Question

If one end of focal chord AB of the parabola ${y^2} = 8x$ is at $A\left( {\dfrac{1}{2}, - 2} \right)$, then the equation to it at B is
1. $x + 2y + 8 = 0$
2. $2x - y - 24 = 0$
3. $x - 2y + 8 = 0$
4. $2x + y - 24 = 0$

Answer 1

Hint: In this question, we are given the equation of parabola ${y^2} = 8x$ and one end of focal chord AB i.e., $A\left( {\dfrac{1}{2}, - 2} \right)$. First step is to compare the general parabolic equation with the given one.
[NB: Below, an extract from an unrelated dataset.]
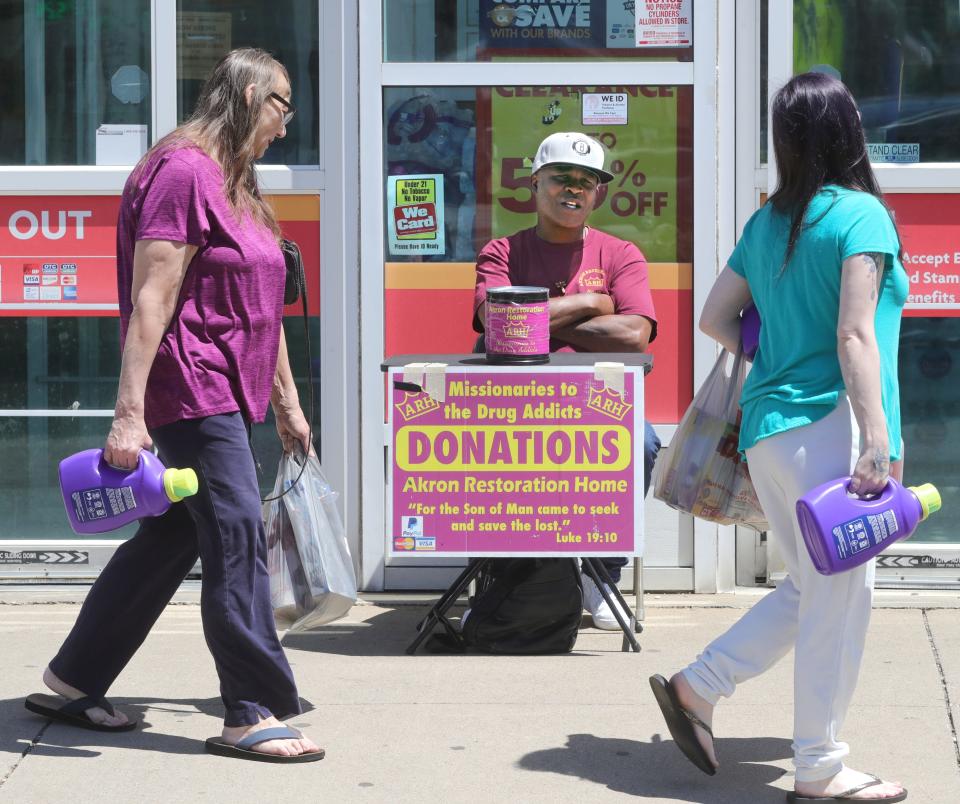 Leon Goolsby, a member of the Akron Restoration Home, asks for donations from Family Dollar shoppers on Arlington Street on May 17 in Akron.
You’ll get the value of $a$. Now, use the parametric coordinates to find the other co-ordinate of the focal chord using the condition ${t_1}{t_2} = - 1$. In last put the required co-ordinates of other end of the focal chord in the equation of tangent i.e., $y{y_1} = 2a\left( {x + {x_1}} \right)$.

Formula Used:
General equation of parabola, ${y^2} = 4ax$
Parametric co-ordinate of parabola, $\left( {a{t^2},2at} \right)$
Equation of tangent to a parabola, $y{y_1} = 2a\left( {x + {x_1}} \right)$

Complete step by step Solution:
Given that, the equation of parabola is ${y^2} = 8x - - - - - \left( 1 \right)$
General equation of parabola in this form is ${y^2} = 4ax - - - - - \left( 2 \right)$
On comparing equation (1) and (2),
It implies that, $a = 2$
Also, the parametric co-ordinates of parabola are $\left( {a{t^2},2at} \right)$
Therefore, the co-ordinates will be $A\left( {a{t_1}^2,2a{t_1}} \right)$and $B\left( {a{t_2}^2,2a{t_2}} \right)$
Where ${t_1}{t_2} = - 1 - - - - - \left( 3 \right)$
Now, one end of the focal chord is given $A\left( {\dfrac{1}{2}, - 2} \right)$
$\left( {a{t_1}^2,2a{t_1}} \right) = \left( {\dfrac{1}{2}, - 2} \right)$
$a{t_1}^2 = \dfrac{1}{2},2a{t_1} = - 2$
${t_1}^2 = \dfrac{1}{4},{t_1} = \dfrac{{ - 1}}{2}$
${t_1} = \pm \dfrac{1}{2},{t_1} = \dfrac{{ - 1}}{2}$
Here, ${t_1} \ne \dfrac{1}{2} \Rightarrow {t_1} = \dfrac{{ - 1}}{2}$
From equation (3),
${t_2} = 2$
Therefore, the co-ordinate of the other end of focal chord will be $B\left( {a{t_2}^2,2a{t_2}} \right) = \left( {8,8} \right)$
The equation of the tangent at the point $\left( {8,8} \right)$ i.e., $\left( {{x_1},{y_1}} \right)$
$ \Rightarrow y{y_1} = 2a\left( {x + {x_1}} \right)$
$8y = 2\left( 2 \right)\left( {x + 8} \right)$
$8y = 4x + 32$
$4x - 8y + 32 = 0$
$x - 2y + 8 = 0$

Hence, the correct option is 3.

Note: A parabola is a U-shaped plane curve in which any point is an equal distance from both a fixed point (also known as the focus) and a fixed straight line (known as the directrix). A parabola is a right circular cone sectioned by a plane parallel to the cone's generator.